**What is expected:**
The entire listing below is to be written out exactly, minus the pictures.

**Input data:**
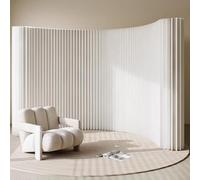 Folding and Retractable Partition Wall, Modern Room Divider Screen, Indoor Privacy Freestanding Paper Wall Partition, White-6x1.8m/19.68x5.91FT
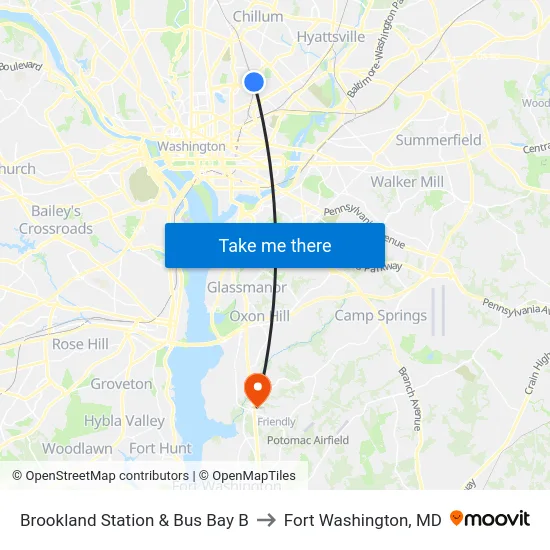 Brookland Station & Bus Bay B to Fort Washington, MD map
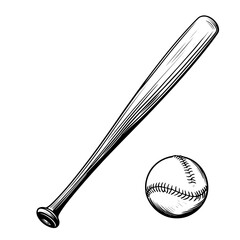 Detailed black and white icon of a realistic baseball bat next to a ball, used for representing classic American sports.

**Task response:**
 Folding and Retractable Partition Wall, Modern Room Divider Screen, Indoor Privacy Freestanding Paper Wall Partition, White-6x1.8m/19.68x5.91FT
 Brookland Station & Bus Bay B to Fort Washington, MD map
 Detailed black and white icon of a realistic baseball bat next to a ball, used for representing classic American sports.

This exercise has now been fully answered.